DATA SHOWN below:

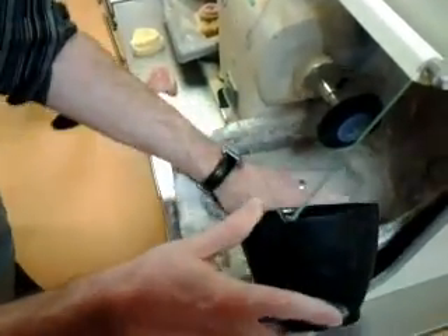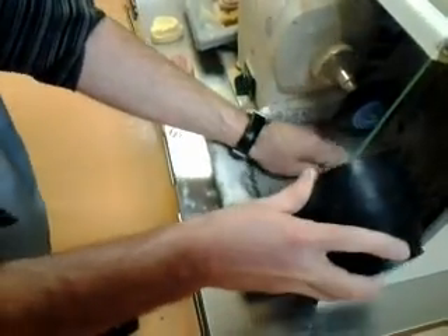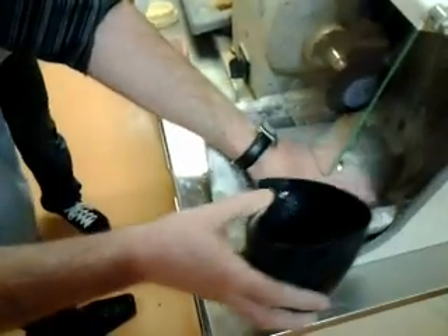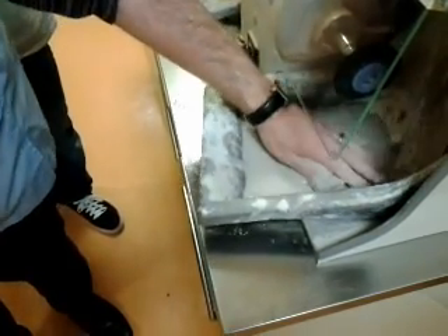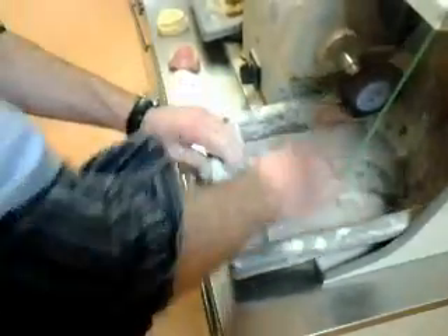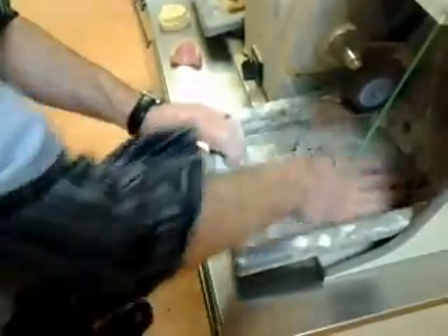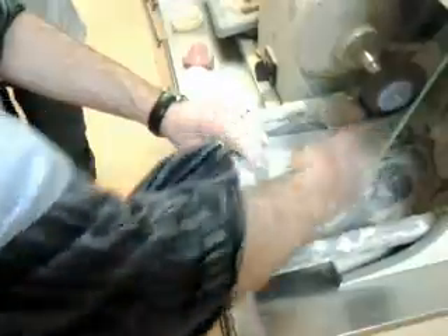A little bit more water. Ensure your pumice is nice and wet so that it forms a slurry.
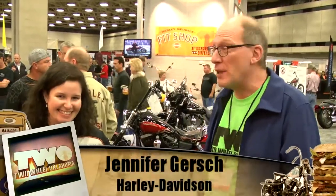Now we're in the Harley-Davidson booth, and I talked Jen Gersh into telling me what's new with Harley for 2012.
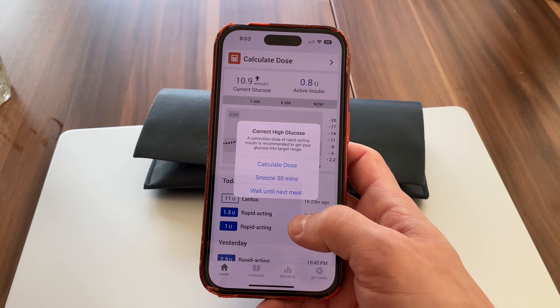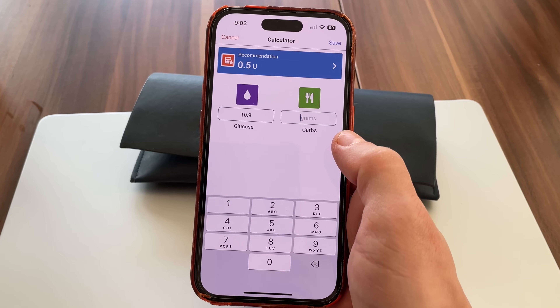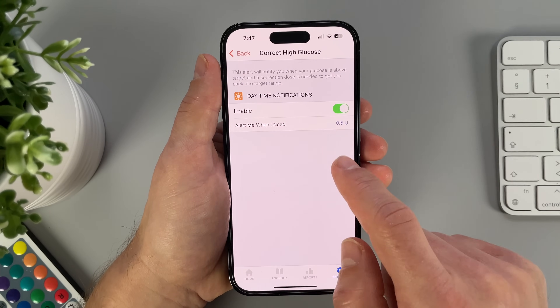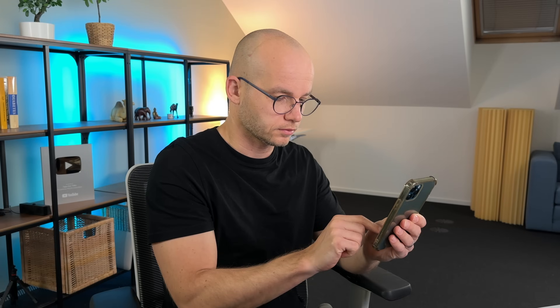That brings me to feature number 6: the InPen correct high glucose alert doesn't just tell me that I'm high — it actually recommends how much insulin I need to get back in range. Even better, I can customize this alert. I can tell the system not to alert me unless I need a specific insulin dose, as low as 0.5 units for tighter control or a higher value depending on how much I want to interact with the system. In real life, this really helped me with alarm fatigue and took away some of the mental burden of diabetes.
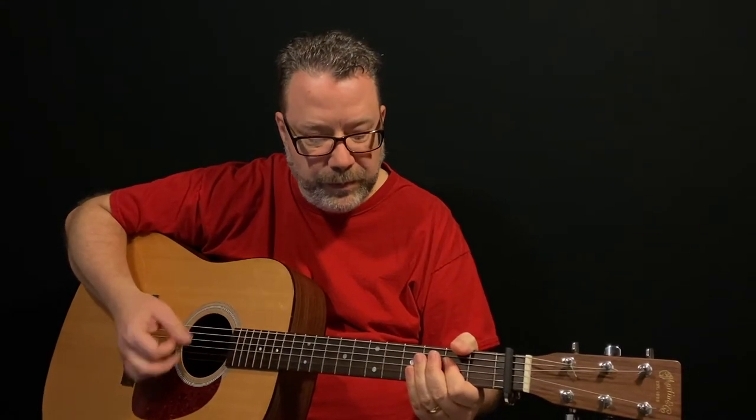I like this song for beginners because you can use this capo and use those three chords the entire song. So before we get into that, I'm going to show you guys the strum pattern to use.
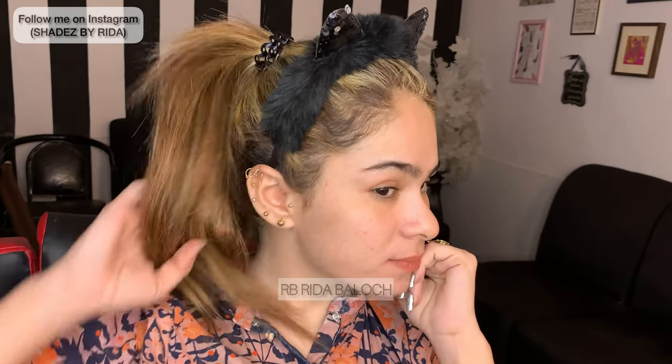Hey you guys! Assalamualaikum! Welcome back to my channel! In today's video, I am going to have a base with pancakes because the heat is very warm.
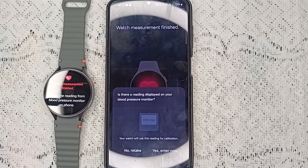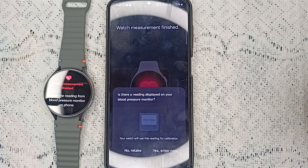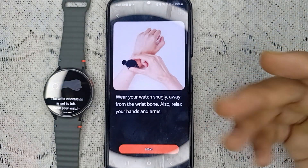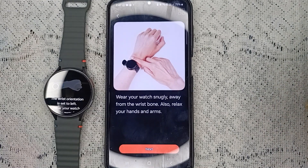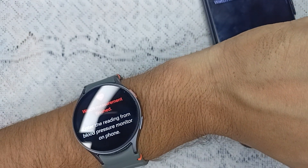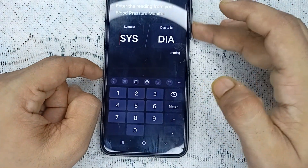Once the measurement is completed, it will ask you to display your blood pressure monitor reading. Note: the system timed out here, so we will redo the process. After completing the measurement again, it will ask for the reading from the blood pressure monitor on your phone. Tap 'Enter Now' to proceed.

End of DATA SHOWN.

(WHAT THE TASK REQUIRES) Treating the line with "Now we're in" as the last line to include, retype the records exactly from their first line, excluding pictures.

(YOUR RESPONSE)
A little bit more water. Ensure your pumice is nice and wet so that it forms a slurry.
Now we're in the Harley-Davidson booth, and I talked Jen Gersh into telling me what's new with Harley for 2012.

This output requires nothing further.